Readit News logoReadit News
fasterik · 2 years ago
The subset relation is defined as "X is a subset of Y if for all x in X, x is in Y". The negation of this is "X is not a subset of Y if there exists some x in X, such that x is not in Y". We can see from this that the empty set is NOT NOT a subset of every set. Therefore the empty set is a subset of every set.

A similar argument should show that the empty string is a substring of every string. Therefore indexOf(substring, string) should return a non-negative index if substring is the empty string.

This reminds me of a discussion on HN a while ago about predicates over the empty set. There was debate over whether "all(x == "foo" for x in my_array)" should evaluate to True or False if my_array is empty. I tried to point out that if it evaluated to False, it would break first order logic in a similar way as I explained above, but people were still trying to argue the opposite case.

adrian_b · 2 years ago
While an empty substring is a substring of every string, attempting to find its index in any string must signal an error, because there is no univocal value of such an index (all possible index values are equally valid answers).

On the other hand, a predicate that tests whether an empty substring is found in a string must indeed return "true".

In a function that must return a single value, an error must be signaled both when there is no value that can be returned and when there are multiple values that could be returned.

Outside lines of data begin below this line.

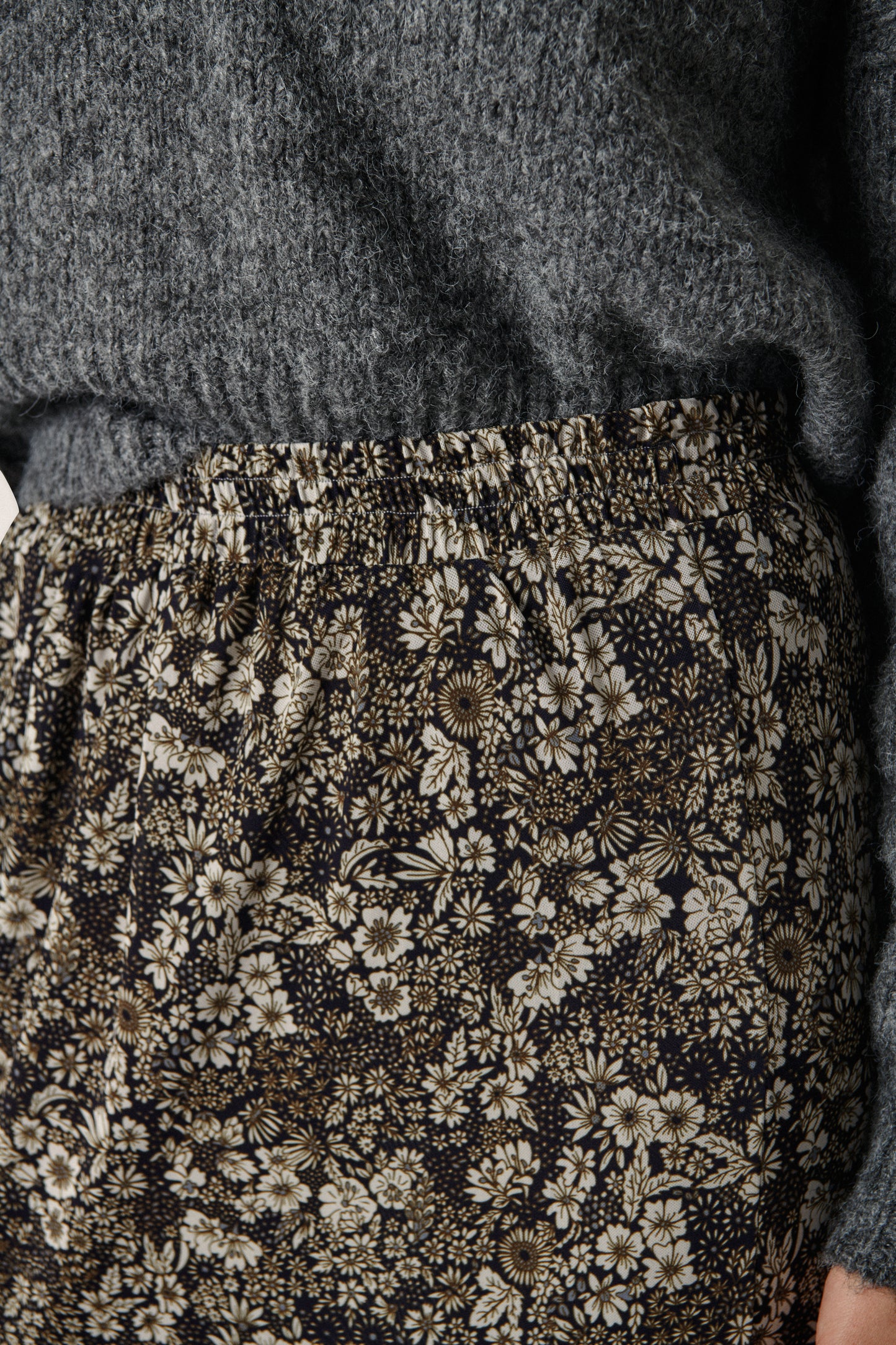 Briley Skirt Skirts Night Sky Floral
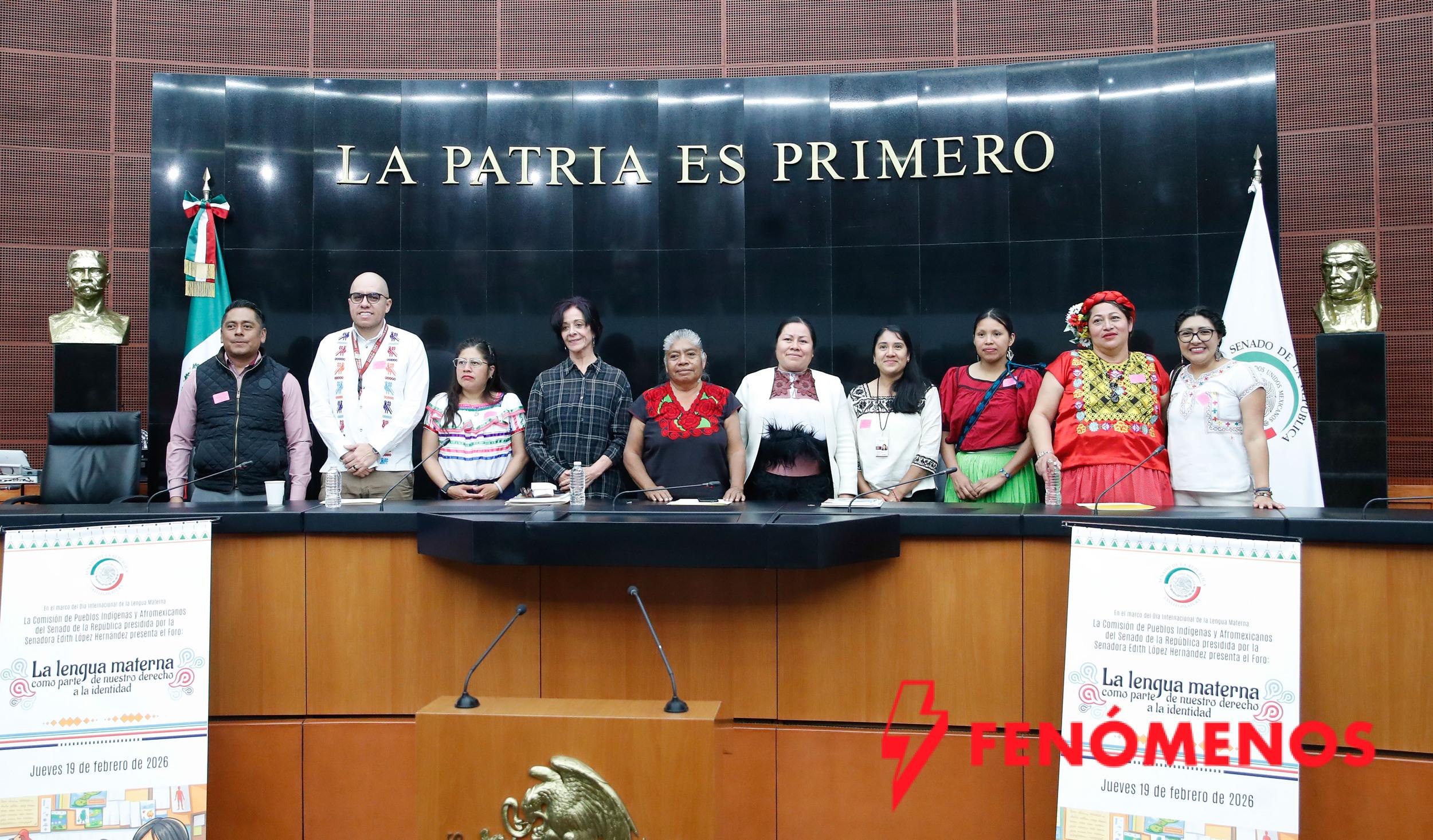 Comisión de Pueblos Indígenas y Afromexicanos conmemora el Día Internacional de la Lengua Materna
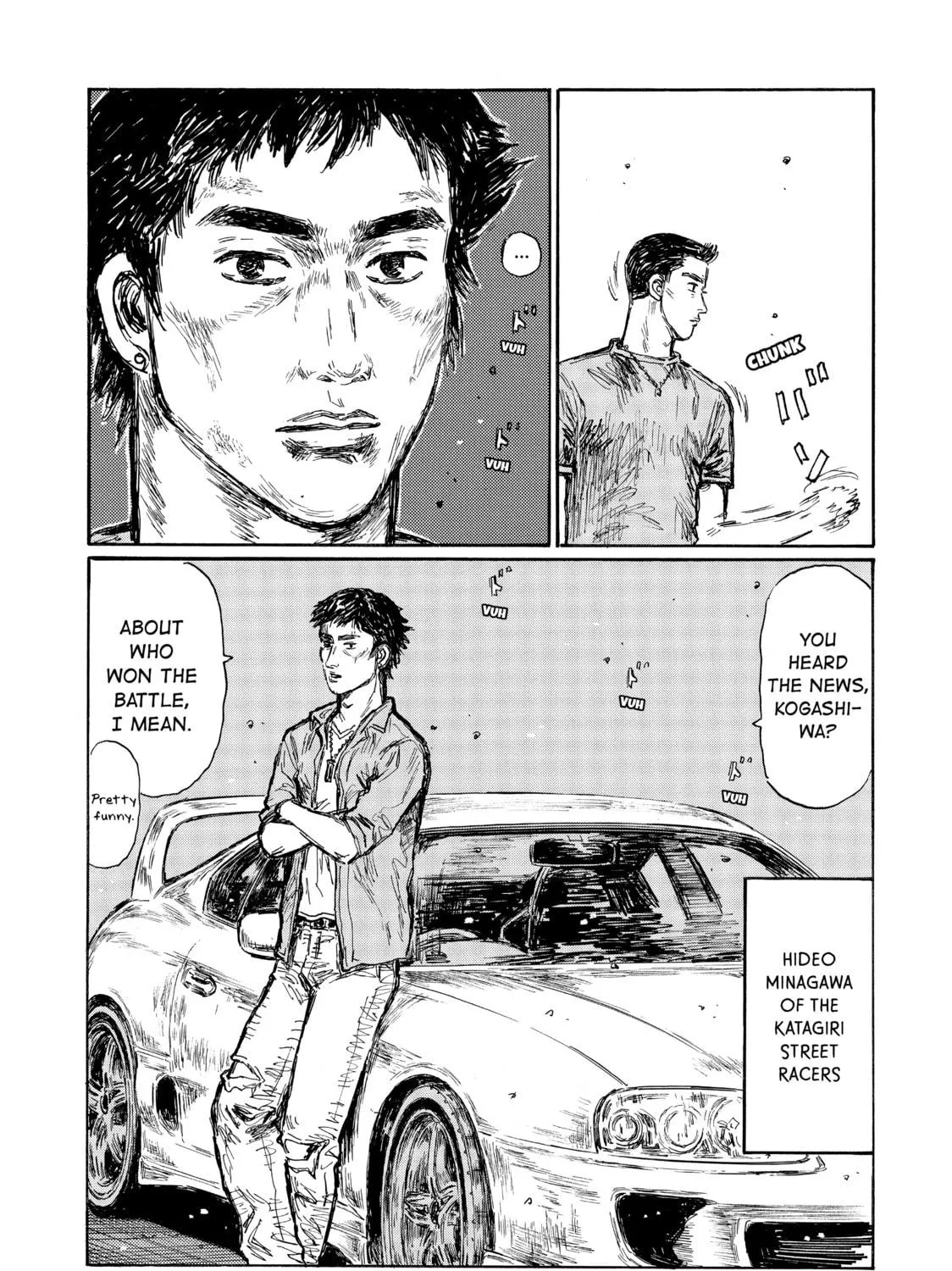 Read Initial D chapter 484 image 16 on Lezhin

If the index of the substring is defined as the smallest such index, which makes it unique even for multiple substring occurrences, then the search function must return 0 or 1 for an empty substring, whichever is defined to be the first index.

Attempting to search an empty string for non-empty or empty substrings should always signal an error, because there are no valid index values that could be returned.

fasterik · 2 years ago
Yeah, I think the convention should be to return the smallest valid index such that the predicate is satisfied, or an error value if the predicate isn't satisfied. As you point out, it's the same as when a non-empty string appears multiple times in a given string. So I think 0 is the only reasonable result in this case, assuming 0-based indexing.
hermitcrab · 2 years ago
>While an empty substring is a substring of every string, attempting to find its index in any string must signal an error, because there is no univocal value of such an index (all possible index values are equally valid answers).

The operations in question are to find the first (IndexOf) and last (LastIndexOf) indexes. So if the empty exists at every index, you just return the first or last one.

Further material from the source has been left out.